Easily adaptable to floors or ceilings if needed.

import math
from Autodesk.Revit.DB import *

elements = FilteredElementCollector(doc, doc.ActiveView.Id) \
    .OfCategory(BuiltInCategory.OST_LegendComponents) \
    .WhereElementIsNotElementType() \
    .ToElements()

def draw_reference(element, elemtype, view_direction):
    angle = -math.pi / 2
    bubble_dir = XYZ(0, 0, 1)

    width_param = element.LookupParameter("Host Length")
    if not width_param or not width_param.HasValue:
        return
    width = width_param.AsDouble()

    compound_structure = elemtype.GetCompoundStructure()
    if not compound_structure:
        return
    layer_widths = [layer.Width for layer in compound_structure.GetLayers() if layer.Width > 0]

    bbox = element.BoundingBox[doc.ActiveView]
    if not bbox:
        return
    max_pt = bbox.Max
    axis = Line.CreateBound(max_pt, max_pt + XYZ(0, 0, 1))

    start_pt = max_pt
    end_pt = XYZ(start_pt.X - width, start_pt.Y, start_pt.Z)
    start_plane = doc.Create.NewReferencePlane(start_pt, end_pt, bubble_dir, doc.ActiveView)

    if view_direction == "Section":
        ElementTransformUtils.RotateElement(doc, start_plane.Id, axis, angle)
        ElementTransformUtils.MoveElement(doc, start_plane.Id, XYZ(0, -width, 0))

    for layer_width in layer_widths:
        start_pt = XYZ(start_pt.X, start_pt.Y - layer_width, start_pt.Z)
        end_pt = XYZ(end_pt.X, end_pt.Y - layer_width, end_pt.Z)
        ref_plane = doc.Create.NewReferencePlane(start_pt, end_pt, bubble_dir, doc.ActiveView)

        if view_direction == "Section":
            ElementTransformUtils.RotateElement(doc, ref_plane.Id, axis, angle)
            ElementTransformUtils.MoveElement(doc, ref_plane.Id, XYZ(0, -width, 0))


t = Transaction(doc, "Draw Reference Planes")
t.Start()
for element in elements:
    try:
        type_id = element.LookupParameter("Component Type").AsElementId()
        elemtype = doc.GetElement(type_id)

        if isinstance(elemtype, WallType):
            view_dir_param = element.LookupParameter("View Direction")
            if view_dir_param and view_dir_param.HasValue:
                view_direction = view_dir_param.AsValueString()
                draw_reference(element, elemtype, view_direction)
    except Exception as e:
        print(f"Error processing element {element.Id}: {e}")
t.Commit()

While I preferred to keep the process visually within dynamo the amount of people who just default to straight python code overwhelms those who use generic dynamo so I guess its time to set it up.

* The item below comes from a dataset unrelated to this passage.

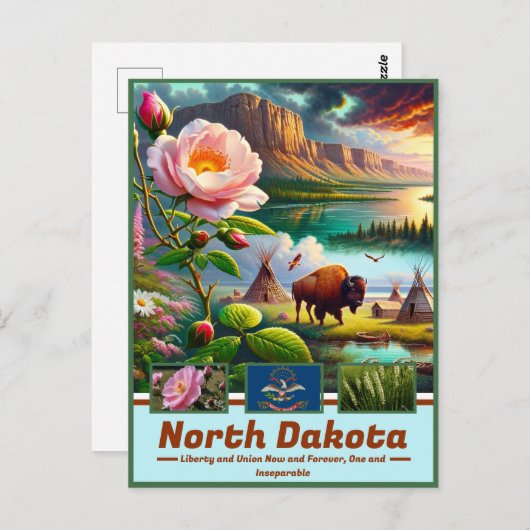 North Dakota Panorama: Landschaftliche Reise Postkarte (Vorne/Hinten)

After spending time creating the UI with pyRevit and inputting the script you helpfully developed it is returning an error:

IronPython Traceback:
invalid syntax (line 60) 
unexpected token 'Error processing element {element.Id}: {e}' (line 60) 
invalid syntax (line 60) 
unexpected token 'Error processing element {element.Id}: {e}' (line 60) 
unexpected token ')' (line 60) 
unexpected EOF while parsing (line 61)

What could the issue possibly be?

Just noticed I had a “-” after t.,Commit(). Keyboard slip.
I updated the above.

Also note that this works for basic walls. Need to add some more logic in for walls that have sweeps and have split regions.